Yajûr Copyright Bruno Fert |
Bruno Fert, texte de Elias
Sanbar: Les Absents, Le bec en l’air, novembre 2016. Bilingue
français/anglais.
Les absents
de Palestine sont-ils encore présents sur la terre de leurs ancêtres, de leurs
parents, d'eux mêmes en tant que déplacés, réfugiés, propriétaires d'un legs
culturel ? Voilà ce que les 40 superbes photos de Bruno Fert parviennent à
montrer avec délicatesse et magnificence, comme si la pudeur peut seule
affronter l'ampleur du crime commis et qui ne cesse de se perpétuer et de
s'étendre, comme si la beauté des lieux montrés, de leur représentation
est seule digne du sujet, de l'enjeu.
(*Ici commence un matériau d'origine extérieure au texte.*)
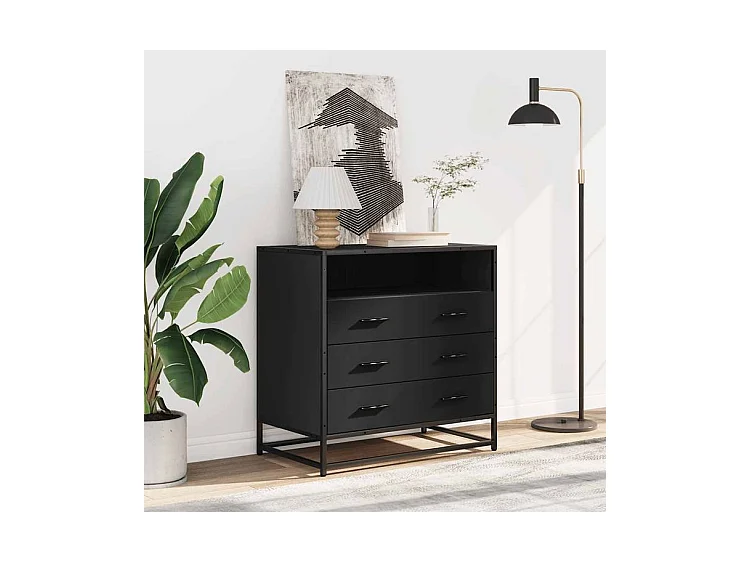 Commode noir 70x41x70 bois d'ingénierie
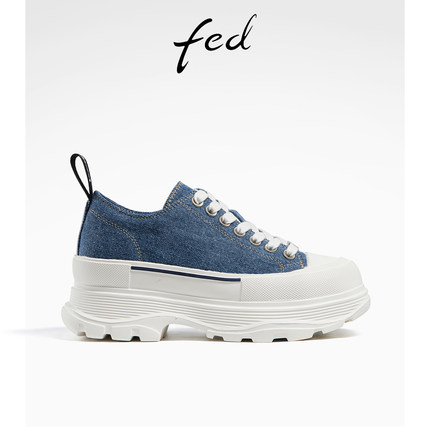 fed松糕鞋秋季新款女鞋时尚厚底板鞋运动休闲鞋女款R0901-ZCA050
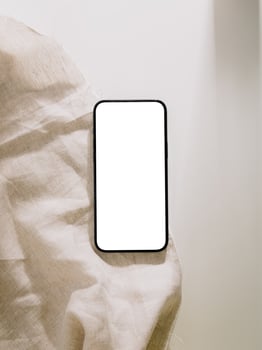 Smartphone mockup, Phone with blank screen template. Flat lay photo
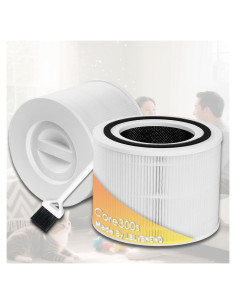 Paquete de 2 Filtros de Reemplazo LEVOIT Core 300 H13 Carbón Activado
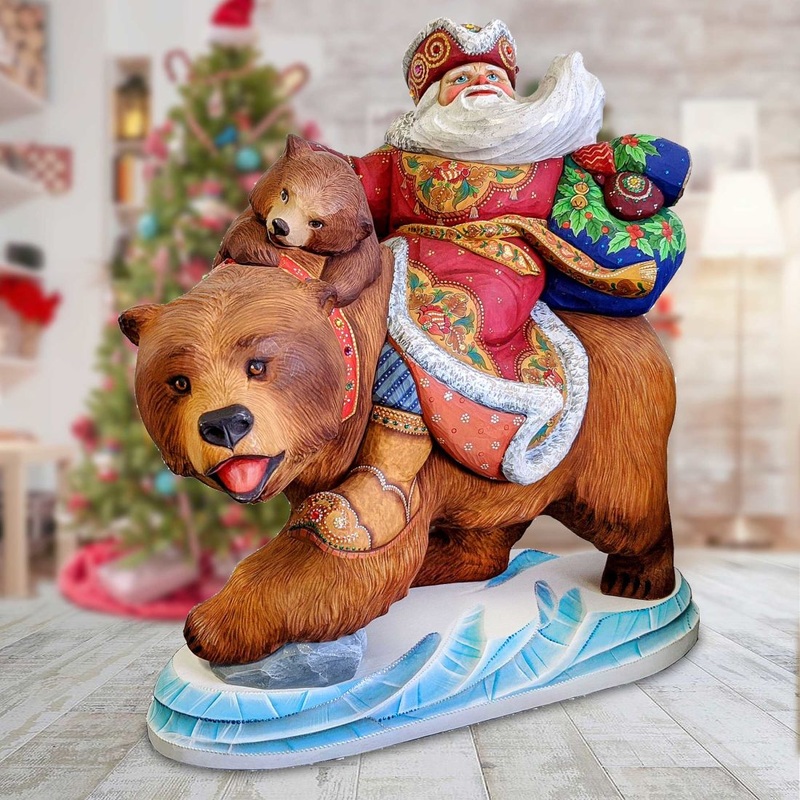 Santa Grizzly Bear Family Ride Limited Edition Hand-Painted WOODCARVED Figurine by G. DeBrekht – Christmas Decor – L2000020 *** PRE-ORDER – Handmade Just for You! ***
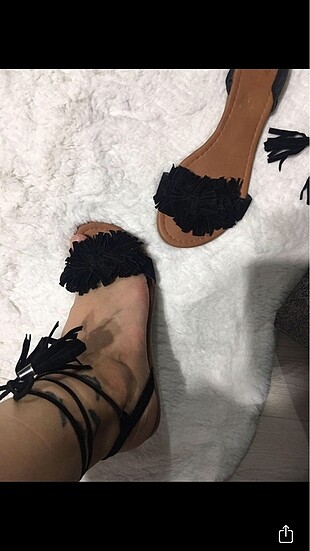 39 Beden siyah Renk Bağcıklı süet sandalet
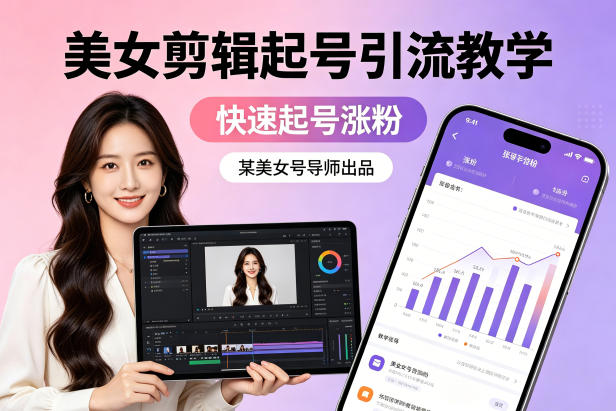 某美女号导师出品：美女剪辑起号引流教学，快速起号涨粉云学当下-创业资源网-知予轻创网-资源整合-互联网创业课程云学当下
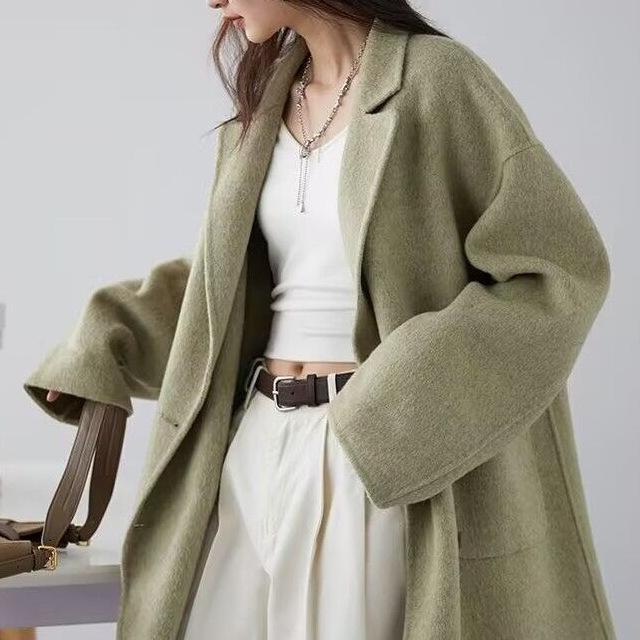 Kurzer Damen-Doppelseitiger Wollmantel mit Anzugkragen und Elasthan, Winter-Übermantel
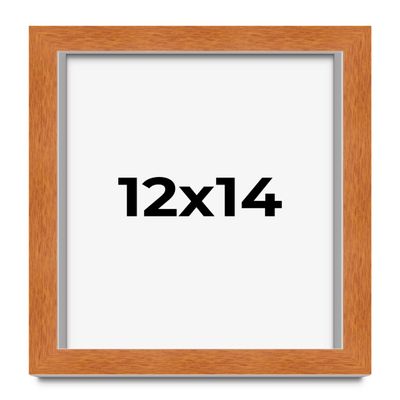 12x14 Frame Brown Honey Pecan Solid Wood Picture Frame | 1.2 Inch Moulding Width | 0.5 Inch Rabbet Depth | Hamilton Collection | with UV Acrylic Plexiglass, Foam Board Backing & Hanging Hardware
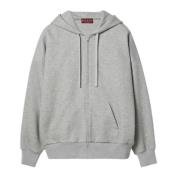 Geëmbosseerde Heather Grey Hoodie met Rits Gucci , Gray , Heren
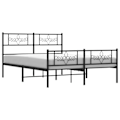 Miniatyrbillede 4 af 6: Sengestel - Metal - Sort - 140x190 cm - Klassisk design - Nem montering sort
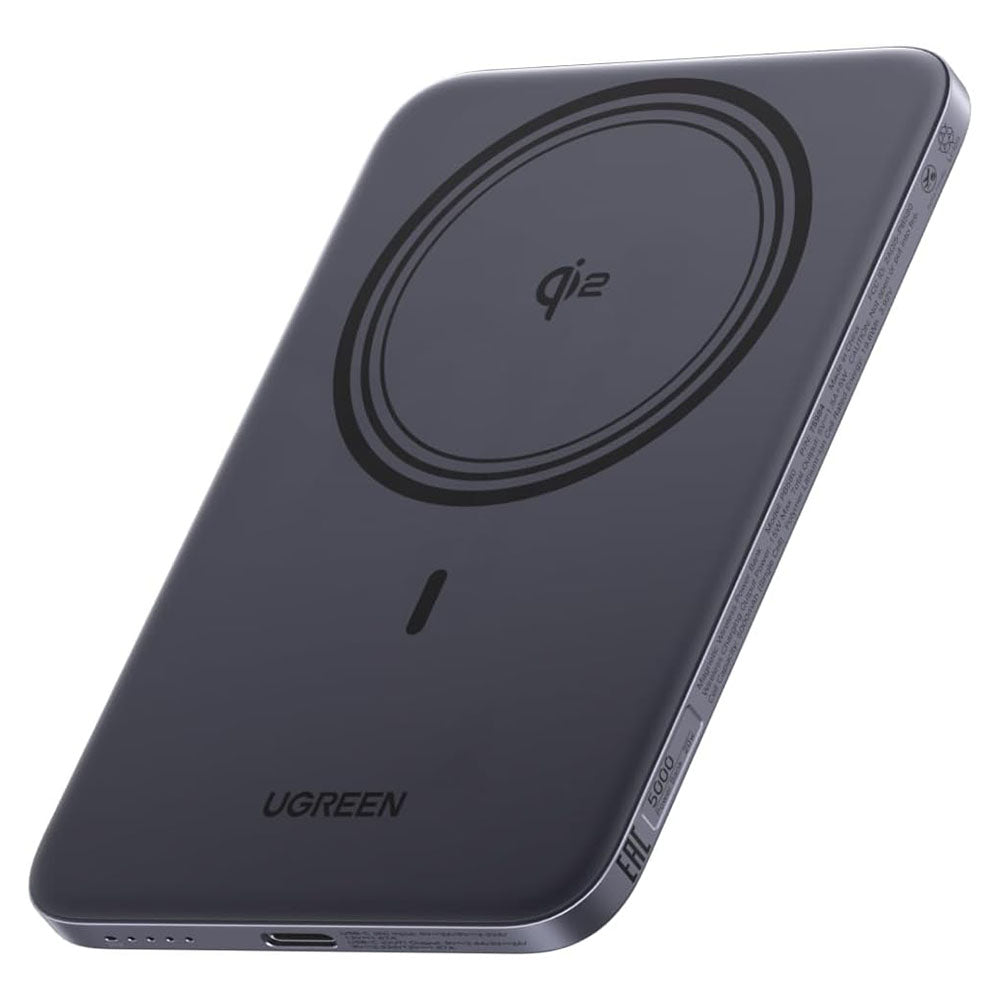 UGREEN PB580 Wireless External Battery (75984B), 5000mAh, 15W, PD + FQI, 1 x QI - 1 x USB-C, Gray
La retenue est partout: dans la mise en
pages, dans le corps typographique prêté aux noms des lieux face aux photos,
dans la place donnée in fine aux textes, dans la couverture noire où les
poinçonnages bleus sur la carte signent les positions embrassées parmi mille
autres jamais totalement perdues... Elle l’est essentiellement dans la vérité
des images guidées sans artifice, sans exagération, sans souci de pureté ou
d’inquisition, mais l’œil nu, amoureux et scrutateur.
Que les paysages
soient désormais rendus à la nature comme à Sirîn ou à Dayr al-Shaykh, que les édifices d'avant l'exode soient religieux,
politiques ou sociétaux, délabrés ou dressant leur belle architecture, que les
pierres soient blanches ou les végétations vertes et fleuries, qu'on soit
proche de la modernité israélienne ou éloigné d'elle, ou encore livré à ses vacanciers, déchets et
bouteilles vides, que de nouveaux mariés s’infiltrent dans les ruines d’un
château (Majdal Yâba) ou que des pierres tombales se trouvent bousculées…c’est
toujours cette vie historique séculaire et ininterrompue qui parvient à
respirer dans la lumière éclatante, brumeuse et nocturne de la terre de
Palestine. Comme le note l’écrivain israélien Yehonathan Geffen cité par
Elias Sanbar: « Cela fait un moment que je sens que cette maison ne
m’appartient pas. Mais dernièrement, un autre sentiment est venu s’ajouter au
premier, je sens que quelqu’un vivait dans cette maison avant que nous y
venions. » Loin d’être un album de nostalgie, ce livre authentifie l’affirmation, la
présence et l’espoir.
Pour être limité
dans ses pages, le texte de Elias Sanbar va à l’essentiel tout en sauvegardant
à son itinéraire la liberté de la randonnée sémiotique (rails, cimetières et
fantômes). L’érudition ne se fait jamais lourde, la passion du territoire est toujours
déférente, la remarque pointue. Les notes historiques sur les villages expulsés
en 1948, succinctes et précises, jettent les lumières indispensables. Le gai,
tragique et sensuel savoir se cueille aux sites saisis.